I flung my sodden castor on the table; I dropped my drenched cloak
on the ground, and stepped with heavy tread and a noisy rattle of
spurs across the floor. Yet my ragged gentleman slept on. I
touched him lightly with my whip.
"Hold, mon bonhomme!" I cried to him. Still he did not move, whereat
I lost patience and caught him a kick full in the side, so choicely
aimed that first it doubled him up, then brought him into a sitting
posture, with the snarl of a cross-grained dog that has been rudely
aroused.
From out of an evil, dirty countenance a pair of gloomy, bloodshot
eyes scowled threateningly upon me. The man on the chair awoke at
the same instant, and sat forward.
"Eh bien?" said I to my friend on the hearth: "Will you stir
yourself?"
"For whom?" he growled. "Is not the Etoile as much for me as for
you, whoever you may be?"
"We have paid our lodging, pardieu!" swore he of the chair.
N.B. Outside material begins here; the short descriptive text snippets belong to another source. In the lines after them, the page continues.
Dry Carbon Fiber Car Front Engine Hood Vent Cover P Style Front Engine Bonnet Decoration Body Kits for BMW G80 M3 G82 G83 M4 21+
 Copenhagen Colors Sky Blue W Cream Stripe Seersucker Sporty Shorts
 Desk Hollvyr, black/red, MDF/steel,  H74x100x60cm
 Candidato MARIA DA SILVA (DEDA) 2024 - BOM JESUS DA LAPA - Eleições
"My masters," said I grimly, "if you have not eyes to see my sodden
condition, and if you therefore have not the grace to move that I
may approach the fire; I'll see to it that you spend the night not
only a l'Etoile, but a la belle etoile." With which pleasantry,
and a touch of the foot, I moved my friend aside. My tone was not
nice, nor do I generally have the air of promising more than I can
fulfil.
They were growling together in a corner when Antoine came to draw
off my doublet and my boots. They were still growling when Gilles
joined us presently, although at his coming they paused to take his
measure with their eyes.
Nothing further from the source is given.